◆ **PROBLEM TO WORK ON**:
Without the pictures, write the listing below out again, line for line.

◆ **INFORMATION**:
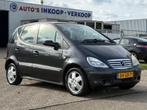 Mercedes-Benz A-klasse 160 Classic Fun |Nieuw APK, Auto's, Mercedes-Benz, Voorwielaandrijving, 4 cilinders, 400 kg, Leder en Stof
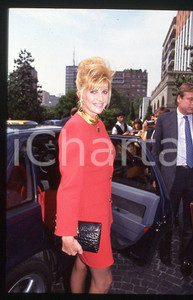 Ivana TRUMP Ritratto dell'imprenditrice 1985 ca - 35mm vintage slide (11) Diapositiva originale, in formato 35 mm.Per i diritti rivolgersi a ICharta.E' severamente vietata la riproduzione. Tutti i diritti sono riservati.ICharta mette in vendita, sul negozio eBay e in esclusiva sul sito "icharta" il proprio archivio composto da numerose diapositive e negativi fotografici d'epoca, tutti originali e autentici, che attraversano la storia del costume tra la fine degli anni Sessanta e Novanta.Si tratta di uno sguardo inedito sull'attualità , la politica, la vita quotidiana, il gossip e la cultura, che fotografa il cambiamento della nazione in quest'ultimo scorcio del XX secolo.Un'occasione unica per il mercato del collezionismo, che vede finalmente disponibile un archivio eccezionale per vastità , tematiche e condizioni, in un settore (il negativo fotografico e la diapositiva) di assoluta novità e dalle interessanti prospettive di investimento. GOOD/buono   originale e autentica 1
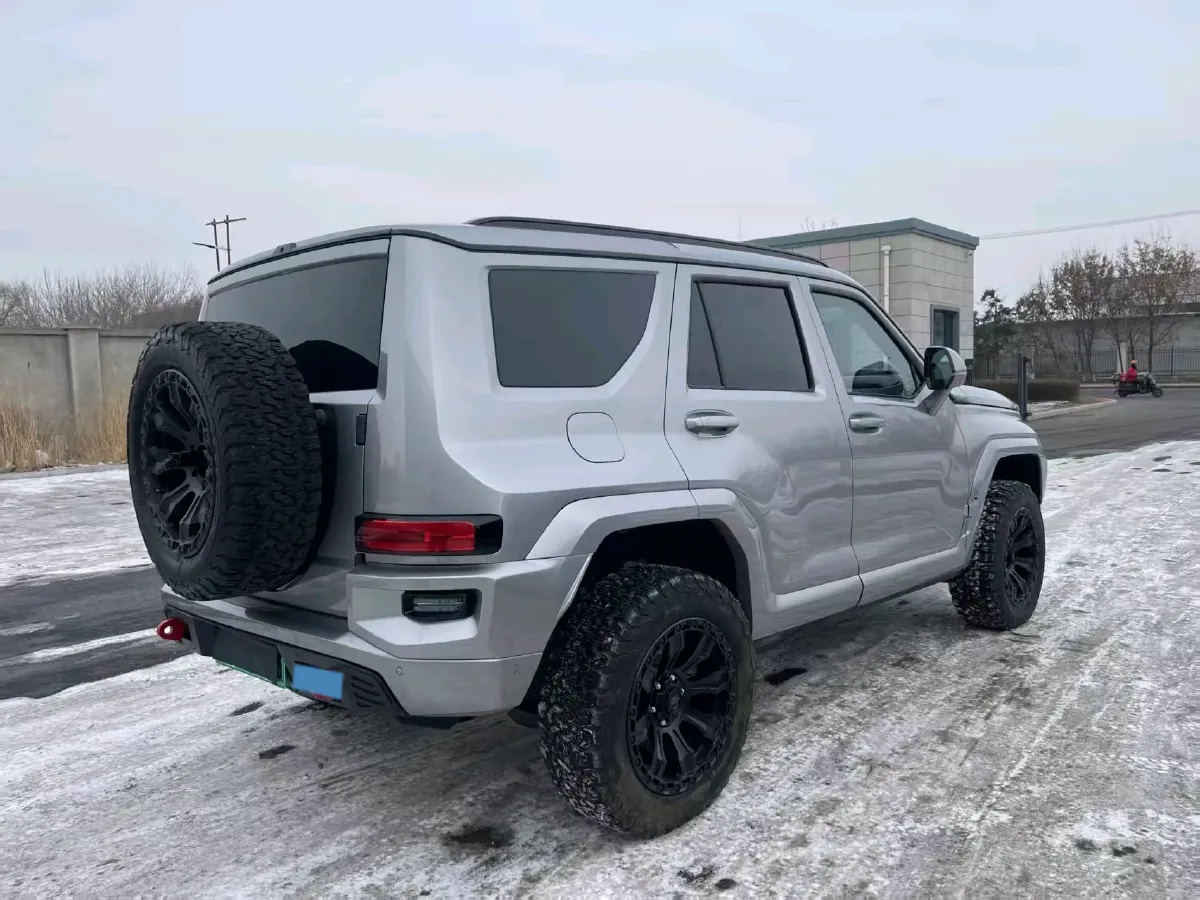 2024 Tank 700 3.0T 360HP V6 9AT PHEV 37.1KWH,autocango,china used car exporter,china ev exporter,chinese used car exporter,chinese used ev exporter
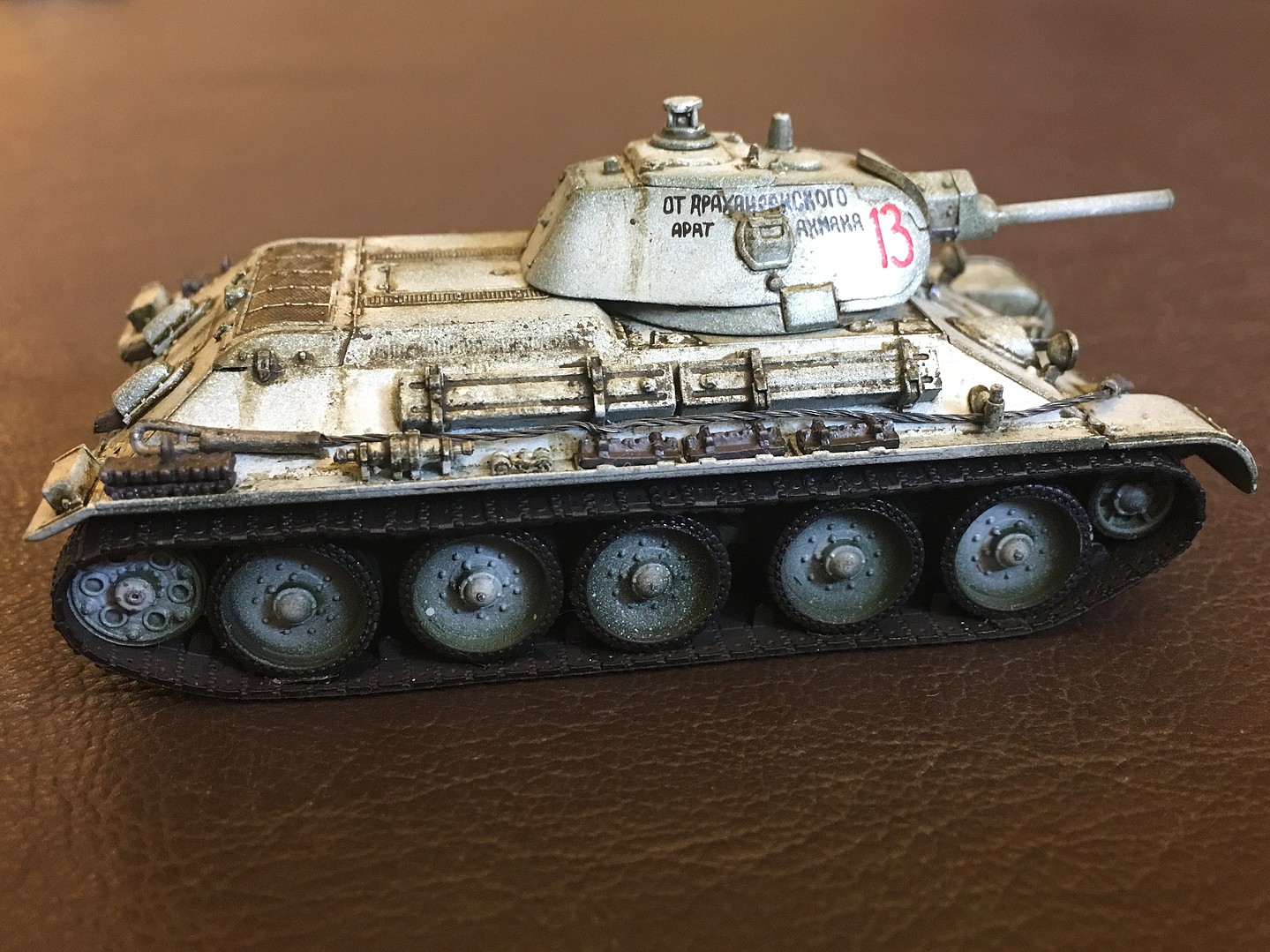 T34/76 Mod. 1941 Tank -- Plastic Model Tank Kit -- 1/72 Scale -- #7259 ...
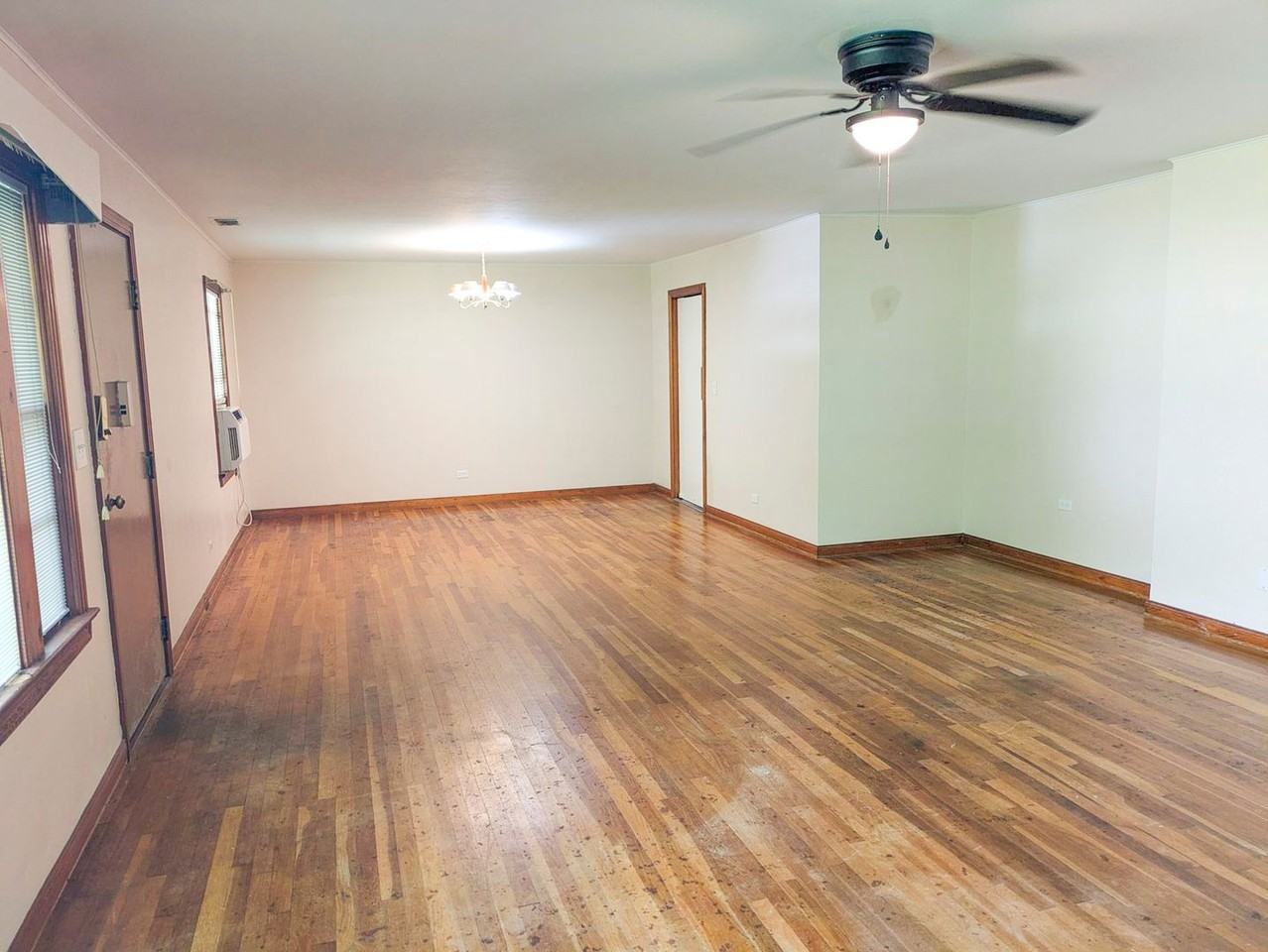 270 N Ann St - Photo 2 of 14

◆ **YOUR RESPONSE**:
 Mercedes-Benz A-klasse 160 Classic Fun |Nieuw APK, Auto's, Mercedes-Benz, Voorwielaandrijving, 4 cilinders, 400 kg, Leder en Stof
 Ivana TRUMP Ritratto dell'imprenditrice 1985 ca - 35mm vintage slide (11) Diapositiva originale, in formato 35 mm.Per i diritti rivolgersi a ICharta.E' severamente vietata la riproduzione. Tutti i diritti sono riservati.ICharta mette in vendita, sul negozio eBay e in esclusiva sul sito "icharta" il proprio archivio composto da numerose diapositive e negativi fotografici d'epoca, tutti originali e autentici, che attraversano la storia del costume tra la fine degli anni Sessanta e Novanta.Si tratta di uno sguardo inedito sull'attualità , la politica, la vita quotidiana, il gossip e la cultura, che fotografa il cambiamento della nazione in quest'ultimo scorcio del XX secolo.Un'occasione unica per il mercato del collezionismo, che vede finalmente disponibile un archivio eccezionale per vastità , tematiche e condizioni, in un settore (il negativo fotografico e la diapositiva) di assoluta novità e dalle interessanti prospettive di investimento. GOOD/buono   originale e autentica 1
 2024 Tank 700 3.0T 360HP V6 9AT PHEV 37.1KWH,autocango,china used car exporter,china ev exporter,chinese used car exporter,chinese used ev exporter
 T34/76 Mod. 1941 Tank -- Plastic Model Tank Kit -- 1/72 Scale -- #7259 ...
 270 N Ann St - Photo 2 of 14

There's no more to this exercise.